Rezeki terdiri dari dua jenis. Rezeki yang kita cari dan rezeki yang datang dengan sendirinya. Dalam riwayat, rezeki yang datang kepada kita disebut sebagai “rezeki thâlib” (yang mencari) dan rezeki yang kita cari dinamakan “rezeki mathlûb (yang dicari).”
Rezeki thâlib dan yang telah ditentukan (mahtum) adalah rezeki berupa keberadaan, usia, segala fasilitas, lingkungan, keluarga, dan segala potensi dan sebagainya dari jenis rezeki ini, memberikan kemampuan yang diperlukan dan ketelitian untuk berusaha, berupaya dan bekerja sehingga dengan demikian gerbang pintu rezeki matlub dan yang bersyarat akan terbuka.

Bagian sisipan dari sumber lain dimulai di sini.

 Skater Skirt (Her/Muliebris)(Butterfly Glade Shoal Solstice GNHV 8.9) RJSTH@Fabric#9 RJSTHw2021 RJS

Untuk menerima rezeki matlub, setiap orang harus menengadahkan tangannya berdoa – disertai dengan usaha dan keseriusan – ke haribaan Tuhan; bahkan seorang bocah menyusui sekalipun usahanya adalah tangis dan rontaan, dengan aktifitas-aktifitas ini ia memperoleh rezeki yang dicari (ASI). Namun bocah ini tatkala ia beranjak besar dan lebih dewasa, usaha dan keseriusannya berbentuk lain. Dengan berpikir, tafakkur, berkerja, menggerakkan seluruh anggota badan, ia merubah sisi kualitas dan kuantitas rezeki yang diperolehnya. Kesimpulannya dalam bagian rezeki yang ditentukan (mahtum) dan yang mencari (thâlib), akan tercipta usaha, pikiran dan kerja dan dalam usaha, aktifitas, pencarian, dengan demikian rezeki yang dicari dan bersyarat itu akan diperoleh.

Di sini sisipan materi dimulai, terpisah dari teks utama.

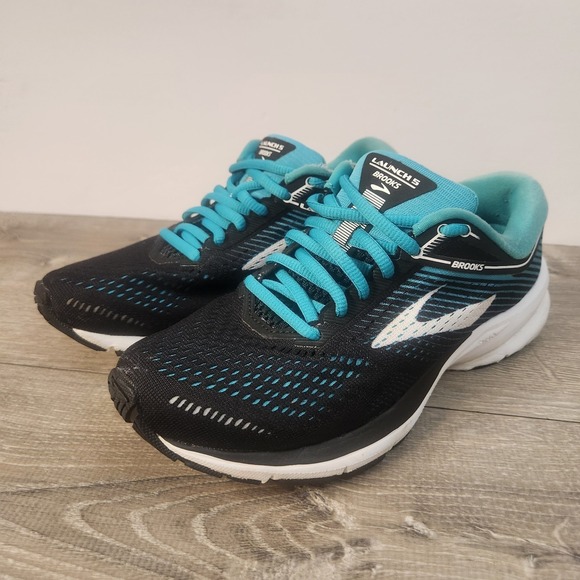 Brooks Shoes - Brooks Launch 5 Teal Black Womens Athletic Running Shoes Sneakers Size 6 US READ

Rezeki mahtum (yang ditentukan) tidak dapat berubah dan berganti, bertambah dan berkurang. Dan hal ini bergantung pada bagaimana pekerjaan pendahuluan rezeki yang dicari itu dipersiapkan dan kualitas perangkapan, pengaturan dan penataannya dapat menambah dan mengurangi rezeki matlub.

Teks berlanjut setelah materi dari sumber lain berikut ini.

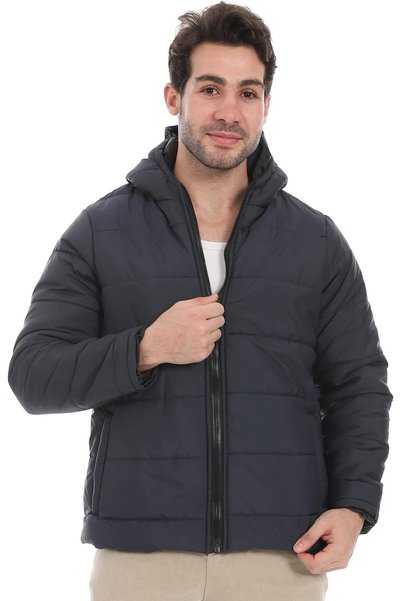 Generic Mens Plain Zipped Hooded Jacket Jacket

Jawaban dari pertanyaan ini dapat dijelaskan dalam format dua premis dan sebuah konklusi sebagai berikut:
Premis minor: Rezeki yang diemban oleh Tuhan dan menjaminnnya adalah, jatah atau kuota yang harus sampai kepada seluruh makhluk sehingga ia dapat bertahan hidup. Namun jaminan Ilahi, pemberian rezeki, kita sandarkan kepada dzat Ilahi, berbeda dengan pengembanan tugas seorang manusia.
Sekiranya disebutkan dalam al-Qur’an bahwa, “Dan tidak ada suatu binatang melata pun di bumi melainkan Allah-lah yang memberi rezekinya.” (Qs. Hud [11]:6) maka harus diperhatikan bahwa Tuhanlah yang menanggung rezeki seluruh binatang melata tersebut bukan seorang makhluk. Allah bermakna Pencipta semesta dan seluruh eksisten. Jaminan Ilahi berbeda dengan jaminan sebuah makhluk yang merupakan bagian dari semesta dan berada di bawah pengaruh peristiwa-peristiwa yang terjadi di alam semesta.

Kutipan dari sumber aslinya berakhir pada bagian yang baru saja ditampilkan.